Tuesday, December 14, 2010

Reflections...

Does it seem like as you get older, your world gets smaller?

Perhaps I should explain.  I've been feeling a natural pull toward home recently - theater, cleaning, cooking, yardwork, decorating, photography, playing with kids, doggy parenting, wifey business, and casual visiting with friends and family have pretty much been my life for the past six months.  This is strange, because I feel like I have always been a very outwardly focused person - historically, I love meeting new people, visiting new places.  I was always the friend who would drop everything for an  impromptu trip downstate for a visit.  I would think nothing of driving 2+ hours for a day trip, just because.

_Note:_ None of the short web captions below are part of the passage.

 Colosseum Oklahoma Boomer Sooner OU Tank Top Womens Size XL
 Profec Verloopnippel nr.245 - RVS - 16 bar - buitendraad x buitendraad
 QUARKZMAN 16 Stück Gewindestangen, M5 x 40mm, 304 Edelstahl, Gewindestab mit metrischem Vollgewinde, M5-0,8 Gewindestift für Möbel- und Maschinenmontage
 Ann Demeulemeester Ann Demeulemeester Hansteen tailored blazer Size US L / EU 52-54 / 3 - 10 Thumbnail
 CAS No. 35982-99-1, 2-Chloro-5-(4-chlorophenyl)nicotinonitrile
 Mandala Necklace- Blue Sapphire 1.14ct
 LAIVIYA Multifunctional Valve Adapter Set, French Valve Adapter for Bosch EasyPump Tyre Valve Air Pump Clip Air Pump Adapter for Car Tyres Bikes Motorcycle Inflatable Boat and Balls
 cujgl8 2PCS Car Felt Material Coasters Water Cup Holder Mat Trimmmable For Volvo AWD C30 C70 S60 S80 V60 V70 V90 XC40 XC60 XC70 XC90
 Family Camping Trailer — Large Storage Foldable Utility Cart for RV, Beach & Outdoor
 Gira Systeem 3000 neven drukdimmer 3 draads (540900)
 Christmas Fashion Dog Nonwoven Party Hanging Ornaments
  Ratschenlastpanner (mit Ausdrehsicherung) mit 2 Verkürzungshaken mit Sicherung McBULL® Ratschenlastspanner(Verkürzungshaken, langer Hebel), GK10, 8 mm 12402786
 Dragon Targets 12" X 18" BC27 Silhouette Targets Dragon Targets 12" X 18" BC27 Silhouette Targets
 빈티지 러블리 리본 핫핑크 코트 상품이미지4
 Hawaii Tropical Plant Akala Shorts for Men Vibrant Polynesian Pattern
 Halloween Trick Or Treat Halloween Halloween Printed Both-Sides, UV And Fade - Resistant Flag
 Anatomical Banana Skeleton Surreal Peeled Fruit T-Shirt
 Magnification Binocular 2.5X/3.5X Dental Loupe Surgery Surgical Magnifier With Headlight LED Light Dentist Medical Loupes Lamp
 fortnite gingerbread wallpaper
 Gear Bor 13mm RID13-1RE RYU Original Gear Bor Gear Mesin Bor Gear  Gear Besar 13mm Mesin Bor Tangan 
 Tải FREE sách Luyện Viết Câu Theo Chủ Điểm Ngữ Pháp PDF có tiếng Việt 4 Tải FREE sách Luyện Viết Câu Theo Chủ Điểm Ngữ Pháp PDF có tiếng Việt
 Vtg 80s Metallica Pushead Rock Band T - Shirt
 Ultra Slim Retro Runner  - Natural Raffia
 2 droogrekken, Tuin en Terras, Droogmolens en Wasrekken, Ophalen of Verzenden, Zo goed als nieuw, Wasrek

I guess I have been feeling a definite pull recently, the sort of pull you get when you are moving into a new phase of your life.  I felt it upon graduation, I felt it after leaving OEE, and I felt it after the move to this small, quirky community.  The problem is, I have NEVER handled change well.  I cling to the familiar long after I should have let go.  I am definitely an earthen-type person - steady, calm (but full of life), slow to move but stubborn once I've reached where I should be.  I think maybe I have let others' opinions of what I should be affect me more than I would like to admit.  When I think of what I really want in life, it reflects a great deal more of craft, home, and hearth then it does glamour and nightlife.  If one of my friends were telling me this, I would be fully supportive... life is a series of stops on a road, not a highway after all.  But why is it that my heart is so resistant to the idea of that life for myself?

I am too focused on others.  I have always lived vicariously through my more dramatic acquaintances.  It's like I want to have it all - a lovely comfy home, wild and exciting travel, massive parties and small meals with friends.  It's this dichotomy that has ALWAYS been frustrating for me - if I had a goal, I could aim for it.  "My heart seeks the hearth.  My feet seek the road.  A soul so divided is a terrible load."  --Bruce Coville

The post-holidays winter has always felt like a bit of a chrysalis for me.  Our Michigan winters are famous for being long, dark, and bitterly cold.  They are the perfect time to pause, reflect, and curl up under a cozy blanket with a husband and some furry friends.  When the spring finally arrives, I guess we'll see what emerges.